Вскоре хозяйка дома дала мне знать, к большому моему огорчению, что она не вернется в свою квартиру. Немедленно меня уплотнили. Со мной теперь жили еврейка, два еврея, счетчица Народного банка — бывшая горничная у одной моей хорошей знакомой; жила еще хоть и ворчливая, но хорошая старушка, бывшая няня, но она вскоре перебралась в деревню, а на ее место поселился рядом со мной ужаснейший красноармеец. Горничная в былое время получала от меня на чай, именовала меня “Ваше Сиятельство”, а теперь стала так важна, что и приступа к ней не было. Однажды я попросила ее о незначительной услуге и положила перед ней сто рублей, что для меня в то время было много, а она швырнула мне их: “Ну да, буду я с вами валандаться. А дрянь-то эту уберите, что я на нее купить могу, ведь это даже не гривенник”. Положим, она была права, да большего-то дать ей у меня самой не имелось. Девица эта с трудом подписывала свою фамилию, но жалованье получала такое же, как и я, да в придачу громадный паек, и еще подкармливалась из деревни, и находила, что жизнь теперь была прекрасна. Все они разместились в лучших комнатах, я же жила в самой маленькой, которую взяла ради экономии моего крошечного запаса дров. Евреи топили у себя дважды в день.

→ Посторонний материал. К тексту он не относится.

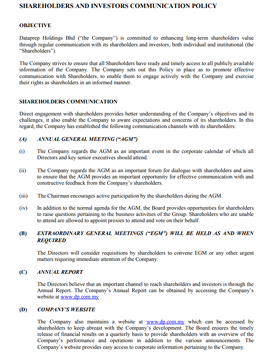 Shareholders and Investors Communication Policy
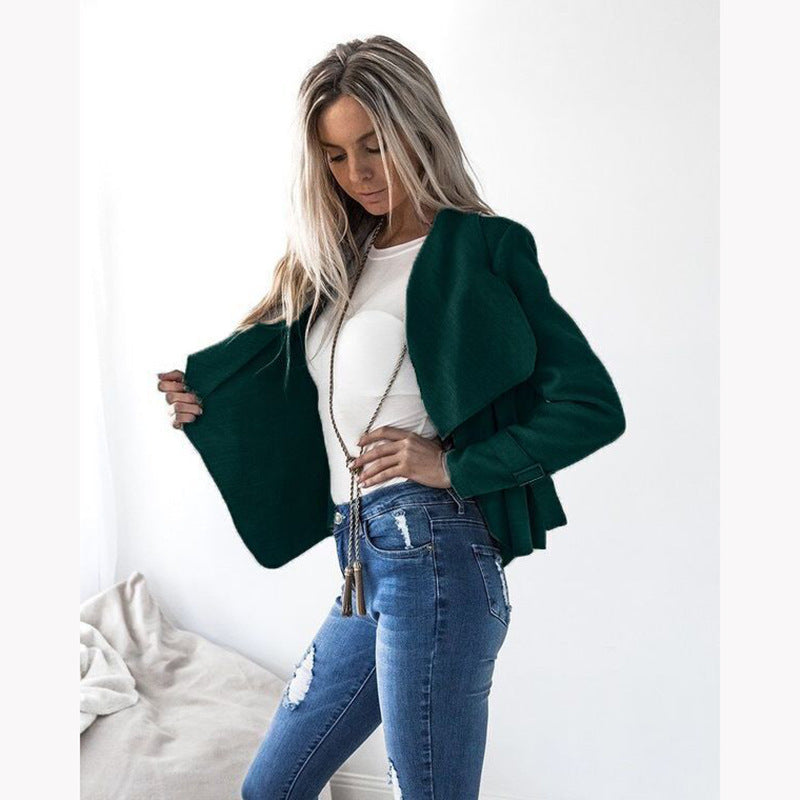 speed sells autumn and winter new women's clothing Europe and the United States explosions irregular woolen coat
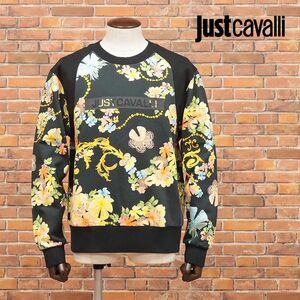 1円/Just cavalli/Lサイズ/丸首トレーナー スウェット快適◎ 花柄 ロゴ レタード レトロ ストリート 新品/黒/ブラック/id223/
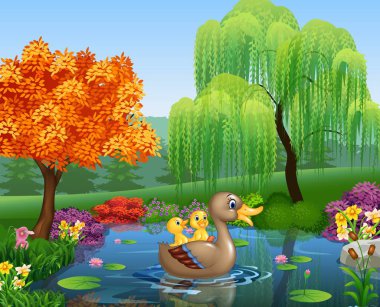 Cute duck swimming on the pond clipart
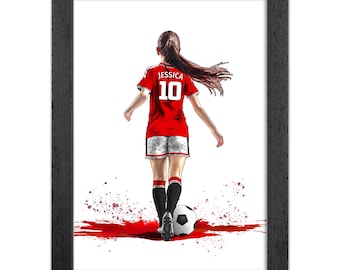 Personalised Manchester Red Football Gifts for Girls Wall Art Poster Print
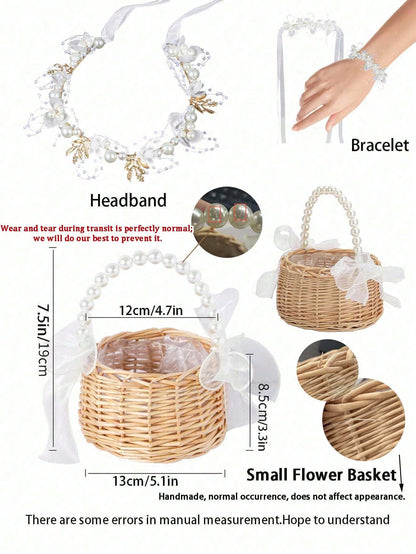 3pcs/1set-Woven Rattan Flower Girl Basket With Headpiece Bracelet Set Elegant Handcrafted Rustic Style Flower Basket Willow Woven Basket With Pearl Handle And Bow Fairy Basket Wedding Flower Girl Hair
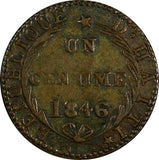 Haiti Copper 1846 // AN 43 1 Centime KM# 25.1 Ex.Wolfgang Schuster Coll.(17 574)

Комнаты были очень хорошо меблированы — но что сделали с этой мебелью скоро новые обитатели! На столах из карельской березы ставили самовары, на креслах сушили мокрое белье. Красноармеец, мой ближайший сосед, по дому расхаживал в белых подштанниках, в туфлях на босу ногу, с трубкой в зубах, горланил на всю квартиру неприличные песни, бесцеремонно на моих глазах любезничал с горничною, зачастую ночью собирал у себя “общество”. Что они там делали — не знаю, но гогот, гам и песни не давали мне не раз заснуть до утра. Впрочем, все это было только беспокойно, но не страшно, возраст мой и видимая нищета спасали меня от худшего.

Вся эта компания жила припеваючи, ни в чем сравнительно себе не отказывала, меня же третировала и за нищету презирала. Зачастую, вдыхая в себя аромат жарившегося у них гуся или баранины, мне от раздражавшего мой аппетит запаха делалось дурно.

С февраля 1920 года в моей жизни началось новое осложнение. В газетах промелькнула фамилия Главнокомандующего Вооруженными силами Юга России генерала Врангеля62, потом стала упоминаться все чаще и чаще. Все стены домов оклеивались воззваниями и карикатурами на него. То призывали всех к единению против немецкого пса, лакея и наймита Антанты — врага рабоче-крестьянской республики Врангеля, то изображали его в виде типа Союза русского народа. Облака, скалы, над ними носится старик с нависшими бровями, одутловатыми щеками, сизым носом, одетый в мундир с густыми эполетами, внизу подпись: “Белогвардейский демон” и поэма:

Печальный Врангель, дух изгнанья,

Витал над Крымскою землей...63

В ушах имя Врангеля звучало тогда повсюду, на улице, в трамваях — разве не чудо, что я, мать этого демона, уцелела? Каждую ночь я меняла мой ночлег, находила приют то у одних, то у других.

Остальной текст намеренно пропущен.